Podcast Summary: "The End of GPU Scaling? Compute & The Agent Era — Tim Dettmers (Ai2) & Dan Fu (Together AI)"
The MAD Podcast with Matt Turck
January 22, 2026
Episode Overview
In this lively and deeply technical episode, host Matt Turck brings together Tim Dettmers (Assistant Professor at Carnegie Mellon, Research Scientist at AI2) and Dan Fu (VP of Kernels at Together AI, Assistant Professor at UC San Diego) for a "reality check" discussion on hardware bottlenecks, AGI definitions, the future of compute, and the explosive practical rise of AI agents.
The core tension explored is Dettmers’ belief that we're rapidly approaching the limits of GPU scaling and thus facing a plateau in AI progress, versus Fu’s more optimistic outlook that there’s vast untapped potential—even with current and next-gen hardware, with models only now beginning to leverage the infrastructure available.
They also break down the rise of agents, their impact in coding and other workflows, and the practical skills both technical and non-technical users need to thrive in the "agent era".
Key Discussion Points & Insights
1. Guest Backgrounds & Expertise
-
Tim Dettmers:
Specializes in efficient deep learning, quantization, and coding agents. Noted for reducing memory usage while maintaining performance.
"My past research has been mostly on efficient deep learning quantization ... use up to 16 times less memory than if you have dense ... now I'm working on coding agents." (01:34) -
Dan Fu:
Focuses on accelerating language models at the kernel/GPU level, creator of FlashAttention, works on both kernel optimization and alternative model architectures, recent focus on deploying and accelerating models on the latest Nvidia hardware.
"In industry, I focus a lot on basically making models go fast ... GPU kernels are the things that actually translate the models to how they run on the GPU." (02:25)
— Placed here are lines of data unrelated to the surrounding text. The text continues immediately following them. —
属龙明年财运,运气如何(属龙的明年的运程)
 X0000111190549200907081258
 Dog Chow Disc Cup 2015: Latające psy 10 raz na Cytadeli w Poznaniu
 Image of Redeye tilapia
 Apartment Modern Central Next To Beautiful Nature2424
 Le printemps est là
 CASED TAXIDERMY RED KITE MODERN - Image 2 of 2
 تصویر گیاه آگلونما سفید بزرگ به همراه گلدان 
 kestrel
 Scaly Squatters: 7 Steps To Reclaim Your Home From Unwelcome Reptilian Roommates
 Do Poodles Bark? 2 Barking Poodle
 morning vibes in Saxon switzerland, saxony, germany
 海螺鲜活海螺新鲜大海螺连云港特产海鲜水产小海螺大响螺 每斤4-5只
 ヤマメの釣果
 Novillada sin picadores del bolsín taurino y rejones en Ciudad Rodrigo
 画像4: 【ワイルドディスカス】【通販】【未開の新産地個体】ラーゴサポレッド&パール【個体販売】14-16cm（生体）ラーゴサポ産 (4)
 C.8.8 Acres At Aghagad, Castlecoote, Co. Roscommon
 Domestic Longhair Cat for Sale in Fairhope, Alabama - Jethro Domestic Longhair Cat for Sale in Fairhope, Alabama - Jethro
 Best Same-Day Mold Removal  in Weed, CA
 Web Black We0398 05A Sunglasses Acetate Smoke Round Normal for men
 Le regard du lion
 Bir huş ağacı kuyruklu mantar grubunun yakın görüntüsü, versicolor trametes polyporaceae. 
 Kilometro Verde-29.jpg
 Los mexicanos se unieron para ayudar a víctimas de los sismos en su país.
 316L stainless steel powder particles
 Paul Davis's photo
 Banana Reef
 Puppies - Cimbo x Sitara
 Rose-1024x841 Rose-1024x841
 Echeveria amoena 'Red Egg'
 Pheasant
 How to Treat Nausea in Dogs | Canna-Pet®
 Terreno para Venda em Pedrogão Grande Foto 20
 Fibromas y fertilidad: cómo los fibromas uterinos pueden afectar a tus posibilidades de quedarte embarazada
2. Defining AGI & The State of AI Today
-
Dan Fu:
Suggests by many older definitions, we're at or extremely close to AGI:
"By almost any definition anyone could have written down, let's say five years ago or 10 years ago ... we basically have the vision of AGI that we had back then." (00:02, 03:55) -
Tim Dettmers:
Argues there's ambiguity and overhype in the term “AGI”; prefers an economic definition—usefulness and the ability to trigger an industrial revolution (06:00).
"We don't think carefully about the definition ... what I think makes sense is this economic angle. Can we get another industrial revolution?" (05:33—06:55)
3. AGI Hype vs. Computational Reality
-
Roots of AGI Narratives:
Dettmers outlines their origins in "effective altruism" and rationalist circles, warning against “lazy thinking” and unexamined extrapolations:
"There's always like, 'oh, we get AGI in two years' ... a little bit of being in a bubble ... not being exposed to different ideas." (07:31) -
Hard Physical Constraints:
Dettmers details how exponential progress always meets diminishing returns. Core physical structure (latency, memory movement) imposes hard ceilings on how fast, cheap, or effective GPU computing can get.
"Everything that grows exponential will level off. Because if you need resources, the resources will be exhausted." (11:40) -
The End of GPU Scaling:
"GPUs will no longer improve, meaningfully. We have essentially seen the last generation of significant GPU improvements ... maxed out on the additional features ... that's the end of it." (11:26—16:12)
4. The Optimistic Case: Hardware and Software Underutilization
-
Dan Fu:
Contrasts by arguing most current models woefully under-leverage even existing hardware (low chip utilization rates). There’s easily “100x more compute” in the short-term pipeline, with ever-bigger clusters and more efficient training/inference methods emerging:
"If you look at where the systems are today ... we are just so far from even using the last generation of hardware as efficiently as possible ... you can see up to two orders of magnitude more compute available." (16:16—17:50) -
Models Are Lagging Indicators:
"The models that we see today ... are already trained on clusters that are a year and a half old ... The models we index on quality today are actually trained on pretty old hardware." (21:25) -
Post-training & Usefulness:
Pre-training dominates compute cost, but post-training enables precise, domain-specific utility: "Pre training is like the general strength training that you do in the gym ... post training is like the specific drills that you run." (23:10)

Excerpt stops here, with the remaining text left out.